#8 Chez Panisse: The Restaurant That Changed the Way America Eats (Revisited)

Three weeks ago, I volunteered to drive my niece to her appointment in Oakland. Somehow, I found myself driving on Highway 13 toward the northern section of Shattuck Avenue – Berkeley’s gourmet ghetto. Since we were in the area, I thought I would grab some cheese from Cheeseboard and order ‘pizza to go’ from the pizzeria next door. As I pulled over to park my car, the towering monkey puzzle tree caught my eye. Suddenly, I felt a pang of hunger for tarte tatin or call it nostalgia for I remember having the best dessert from the restaurant hidden behind the monkey puzzle tree. We walked across the street and squeezed into Chez Panisse, where the maître d’ greeted us with, “Do you have a reservation? Sorry, we’re fully booked.” Since it was rather late for lunch, I thought the maître d’ would be able to accommodate us if I told her we would order dessert and coffee only. She said, “It’s not that I don’t have food to serve you, the problem is that I don’t have a table.” As if to take no for an answer, we lingered around to savor the aroma of food emanating from the open kitchen. Twenty minutes later, we were eating California white-sea bass with sweet corn, snap peas and tomatillo salsa; Grilled Montery squid with beans and greens; and raspberry tarte with eau de vie crème for dessert.

Located at 1517 Shattuck Ave, Berkeley, California, Chez Panisse is not that visible from the street, so look for the towering monkey puzzle tree. The ambiance is rustic. It’s wood and warm inside with small square tables. In addition to the square tables, you’ll find banquette tables adjacent to the open kitchen. This restaurant has a bistro setting, in that the small square tables are closer together so you will be able to hear the conversation from the next table or peer into the other diner’s meal. It’s very unassuming and stripped of decorations except for a couple of posters, one of which is a poster of Marcel Pagnol 1935 movie trilogy. I learned about the significance of the poster later. The restaurant was named after one of the characters, Honore Panisse, as an homage to the sentiment, comedy, and informality of the classic film.

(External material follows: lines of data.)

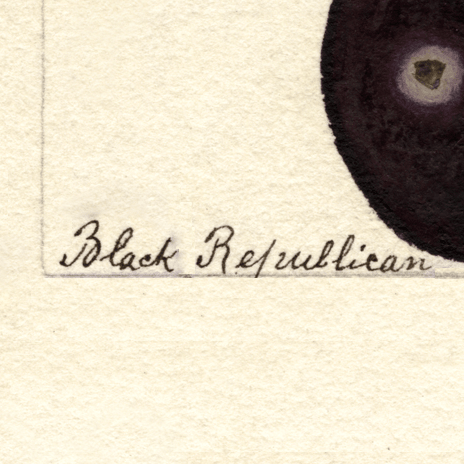 Black Republican Cherry 4x6 Decorative Card - Dingdong's Garden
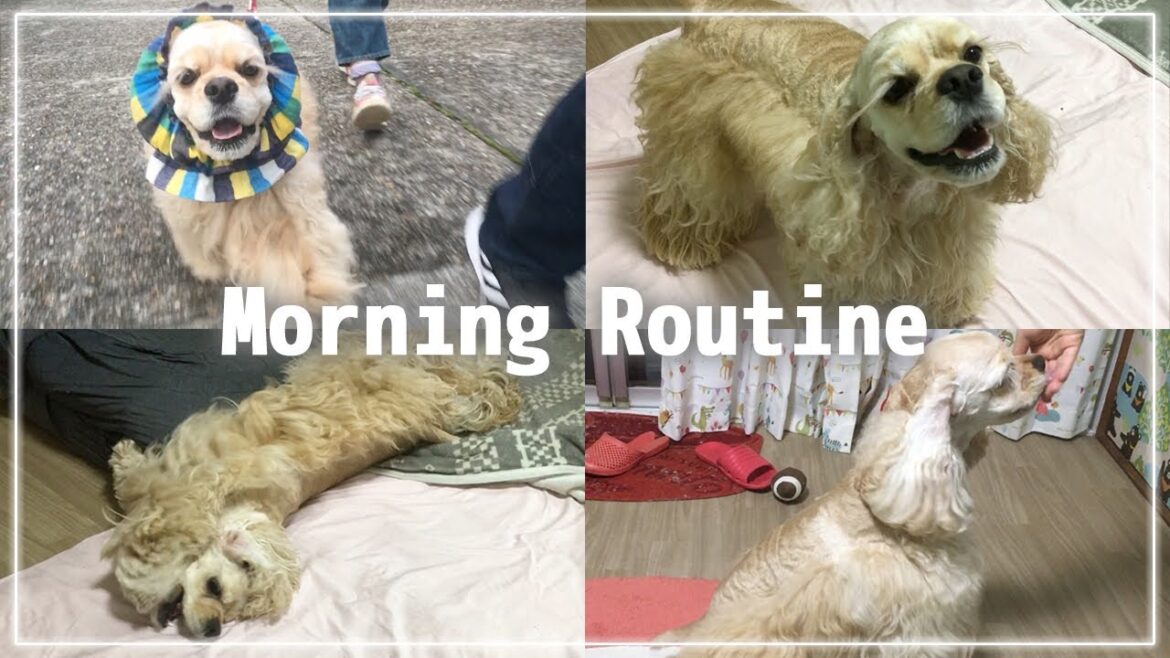 【モーニングルーティン】犬のいる暮らし アメリカンコッカースパニエルかんた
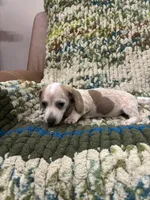Hearts, a female Miniature Dachshund for sale in Bremen, GA – 5 of 6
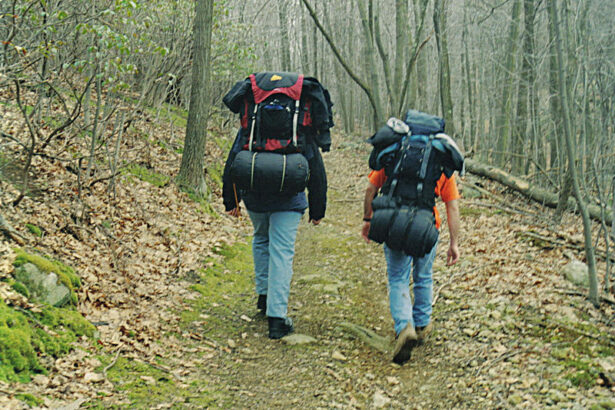 20 Best Apps For Hikers And Backpackers In 2024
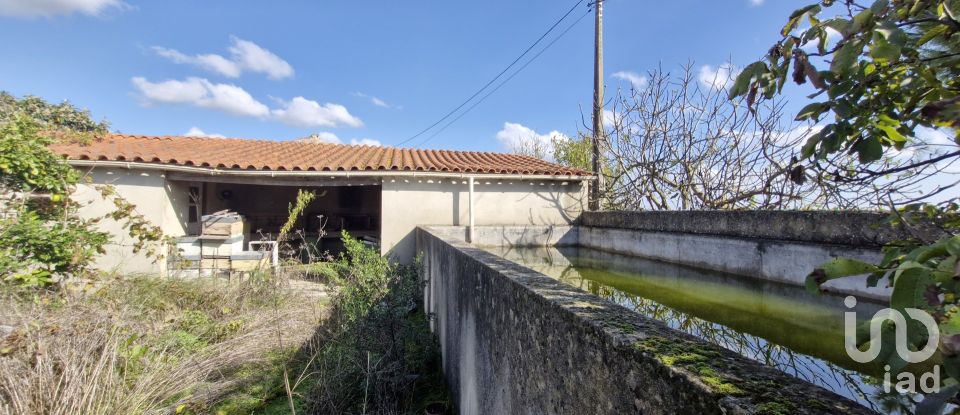 House T0 in Azambujeira e Malaqueijo of 180 m²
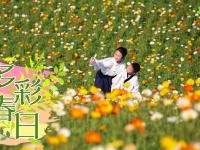 多彩春日
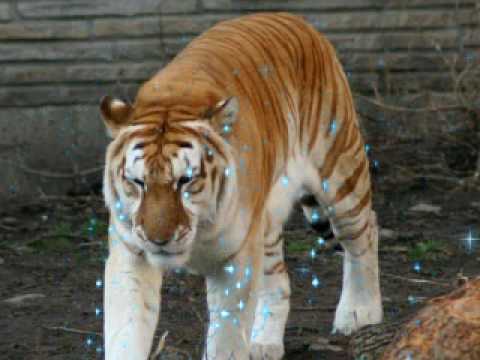 Tribute to Tigers!!!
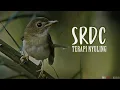 Download Lagu SRDC Terapi Nyuling
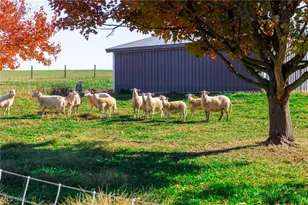 2057 State Route 89, Jeromesville, OH 44840 - Photo 25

As a foodie, I’ve eaten in both the restaurant downstairs and the upstairs café a few times. The upstairs café is open for lunch and dinner and offers moderately priced a la carte menu. The restaurant downstairs is open for dinner only and serves pre-fixed menu, consisting of 3-4 courses. The restaurant prices range from $60.00 to $95.00 depending on the day. I went to dinner at the restaurant downstairs with a friend who was more of a wine than food enthusiast. He thought the restaurant was rather pricey.

While I find the food consistently good, the service is inconsistent – there are good days or off days. The service at the restaurant is much better than the Café. On my very first visit, for instance, the service was slow that my friend was able to run and to feed the parking meter in between the entre and main course. The waiter was very apologetic and brought us a complementary wood-fired pizza. It turned out to be a very long lunch. But the wait was well worth it. This is where my taste bud rediscovered how local produce should taste, and discovered ‘sandab’ fish. I never had fish that tasted so fresh. The chicken dish made me wish I could eat here every day and the tarte tatin unforgettable. I totally agree with Patricia Schultz’s assessment “If you want to remember how food should taste, eat here.”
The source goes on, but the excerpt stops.